Township in Ohio, US

Morris Township is one of the twenty-two townships of Knox County, Ohio, United States. The 2020 census found 2,098 people in the township.

==Geography==
Located in the west central part of the county, it borders the following townships:
- Berlin Township - north
- Pike Township - northeast
- Monroe Township - east
- Clinton Township - south
- Liberty Township - southwest corner
- Wayne Township - west
- Middlebury Township - northwest corner

Small parts of two municipalities are located in Morris Township: the city of Mount Vernon, the county seat of Knox County, in the southeast; and the village of Fredericktown, in the northwest. The unincorporated community of Knox is located in Morris Township.

==Name and history==
Morris Township was established in 1812. It was named after Morris County, New Jersey, the native home of many of the township's pioneer settlers.

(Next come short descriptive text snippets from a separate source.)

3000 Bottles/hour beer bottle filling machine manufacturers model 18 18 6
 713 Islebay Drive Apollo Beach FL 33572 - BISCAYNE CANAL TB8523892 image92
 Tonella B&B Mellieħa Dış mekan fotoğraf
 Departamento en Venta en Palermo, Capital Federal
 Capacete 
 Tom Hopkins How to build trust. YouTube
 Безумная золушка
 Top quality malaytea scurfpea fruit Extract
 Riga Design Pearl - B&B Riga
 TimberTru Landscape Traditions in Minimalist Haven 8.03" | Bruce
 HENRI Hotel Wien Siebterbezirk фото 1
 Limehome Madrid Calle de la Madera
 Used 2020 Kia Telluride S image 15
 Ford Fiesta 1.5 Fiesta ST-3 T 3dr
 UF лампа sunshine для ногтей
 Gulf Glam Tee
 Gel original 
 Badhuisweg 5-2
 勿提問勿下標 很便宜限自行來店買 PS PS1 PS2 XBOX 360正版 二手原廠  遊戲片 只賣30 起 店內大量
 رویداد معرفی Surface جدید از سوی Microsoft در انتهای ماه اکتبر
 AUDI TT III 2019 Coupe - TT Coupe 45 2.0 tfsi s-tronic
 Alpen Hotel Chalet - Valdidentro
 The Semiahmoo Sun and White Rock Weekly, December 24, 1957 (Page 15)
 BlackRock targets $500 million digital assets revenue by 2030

It is the only Morris Township statewide.

==Government==
The township is governed by a three-member board of trustees, who are elected in November of odd-numbered years to a four-year term beginning on the following January 1. Two are elected in the year after the presidential election and one is elected in the year before it. There is also an elected township fiscal officer, who serves a four-year term beginning on April 1 of the year after the election, which is held in November of the year before the presidential election. Vacancies in the fiscal officership or on the board of trustees are filled by the remaining trustees.